On Tuesday, our class had a conversation with Philadelphia Inquirer reporter Abraham ‘Ab’ Gutman. In his own work, Ab writes about the intersection of policies and drugs, and how the two impact each other. He stressed the importance of bringing the people and the policies that affect them together in a story. Ab expressed that some journalists find the process of combing through policies and regulations to be a chore, and wonders what would make it more useful for people to engage with those resources. We talked about some of the problems around including policy in stories, like the fact that some reporters aren’t taking on stories simply because of the amount of work and time that would have to go into research and reading through documents. Ab also mentioned the problem of concisely conveying the policy information in a story, when the natural tendency is to want to explain every detail clearly to the reader. He explained to us that, while you may want to include a lot of details for comprehension purposes, the reader most likely won’t care to read it all, and will trust your word anyway. If they don’t, that’s when you can reveal your sources and give more in-depth information. We also discussed the idea that people are more likely to side with morals than science, and how we, as journalists, can best present the policies and information to potentially change those people’s minds.

I’m glad Ab came to speak with our class, because I feel like we had a really interesting conversation around policy. I personally love doing research, so I’m definitely more-so someone who would struggle with trying to convey the research articulately to my audience in a way that would give all of the important information, but wouldn’t be too wordy. I also think the conversation around the moral hazard debate was important, because I think everyone can relate to, at some point in their life, telling someone a fact and having them refuse to believe it. Being on the science-side of the debate can certainly be frustrating, and that’s why it’s even more important that we can write, report on, and frame the policies and facts we are trying to use in our stories in the most compelling way possible.

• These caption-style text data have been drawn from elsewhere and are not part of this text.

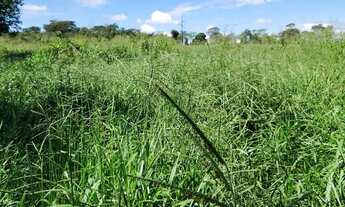 Imagem 6: Sitio Chácara com venda por R$1.400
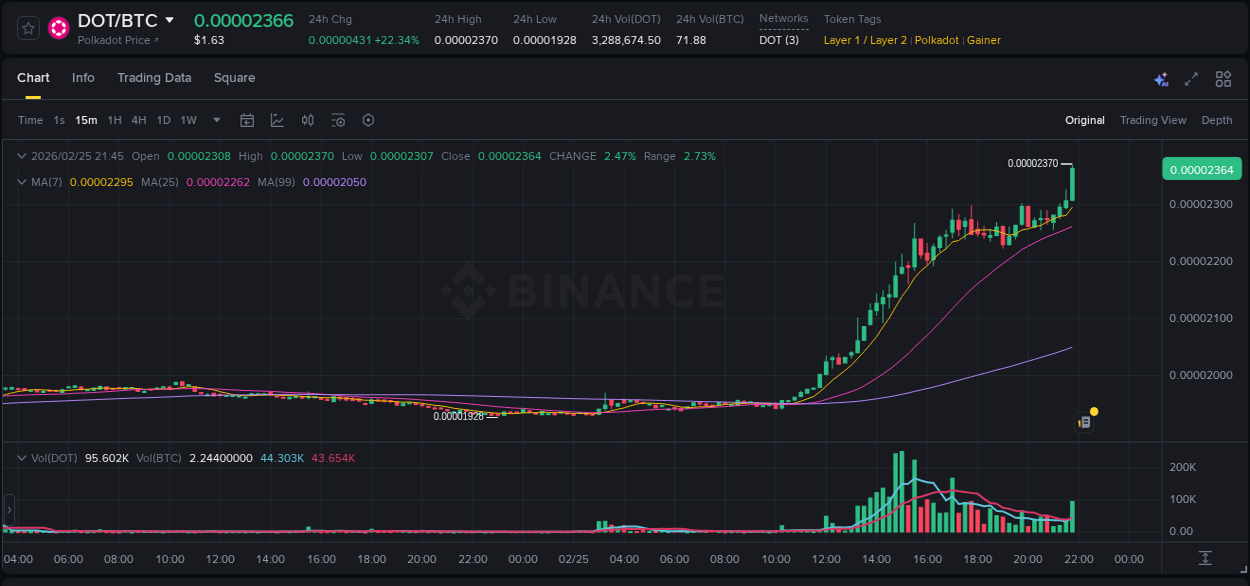 Crypto pump report: Dive into DOT on Binance, 25 February 2026, 21:56 Crypto pump report: DOT on Binance, 25 February 2026, 21:56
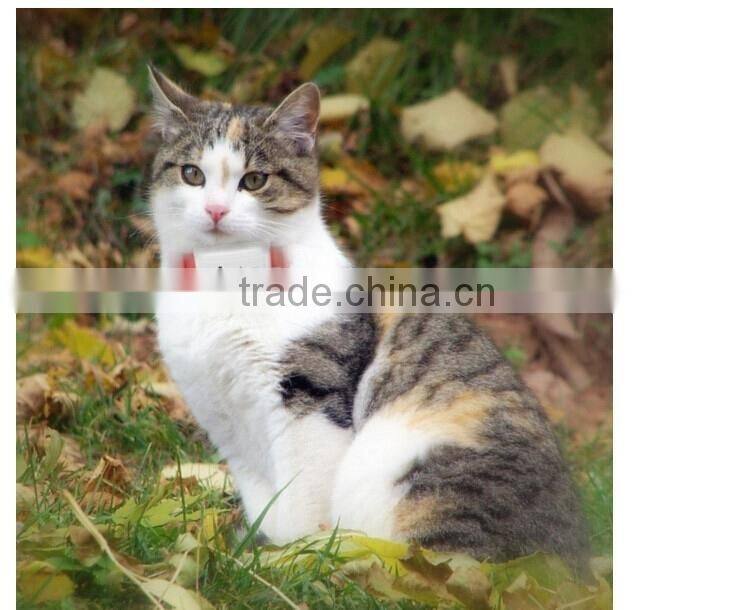 Mini Multi-Functional GSM GPS Tracker - Portable Outdoor Personal GPS Locator/Security Real Time Tracking/SOS Tracking Device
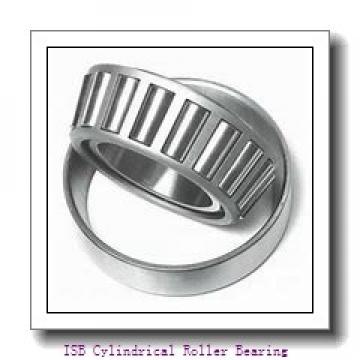 ISB NN 3014 TN/SP Cylindrical Roller Bearing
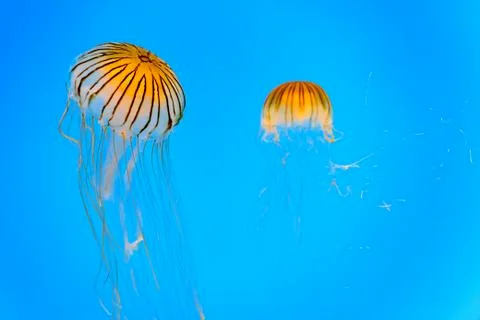 Jellyfish in the deep blue background Stock Photos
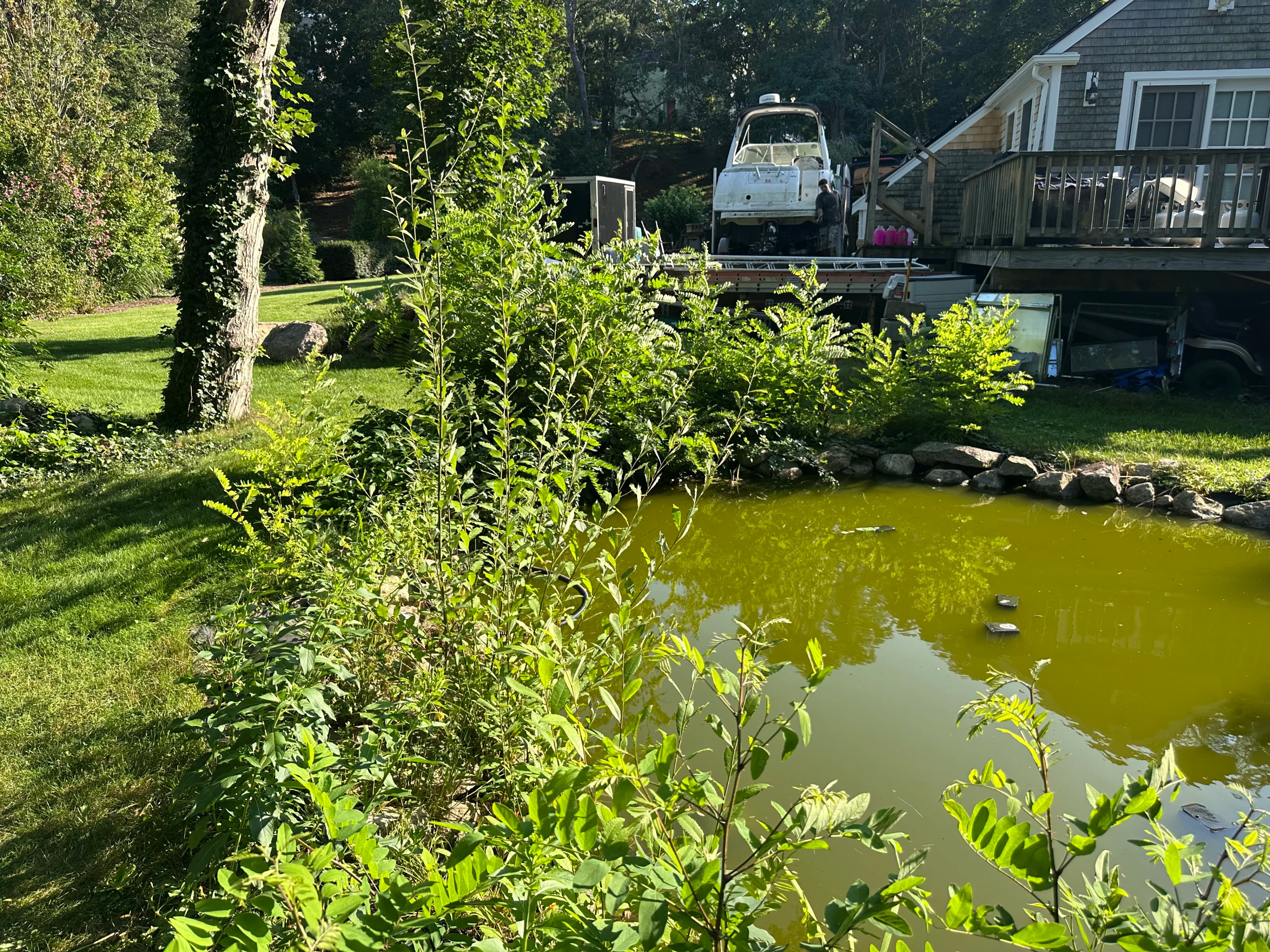 Project Overgrown Pond Gets a Clean Reset image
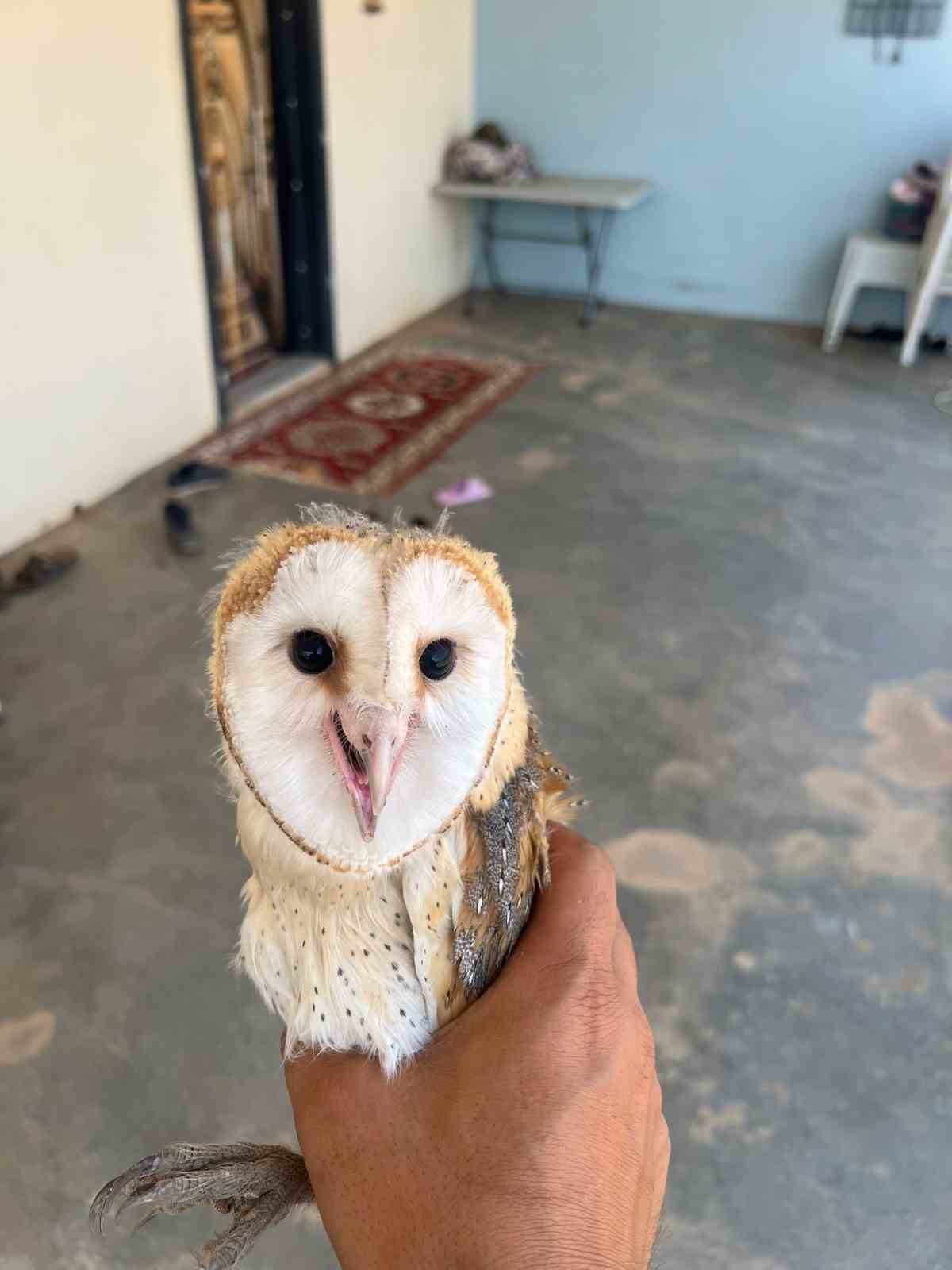 Diyarbakır’da sıcaktan bunalan peçeli baykuş eve sığındı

Another conversation we had that I found extremely helpful was about choosing a story idea from a group of story ideas. I’m currently in a place where I have many different story ideas that I want to pursue, but I’m having trouble picking a route. Ab suggested putting the ideas on a continuum, so that it doesn’t seem like choosing just one, but instead choosing one to focus on for the time being, and then going back to the other ideas in the future. He also reassured us that it’s completely normal to end up with a story that you didn’t start with, as different leads will pop up along the way, either through research or interviews.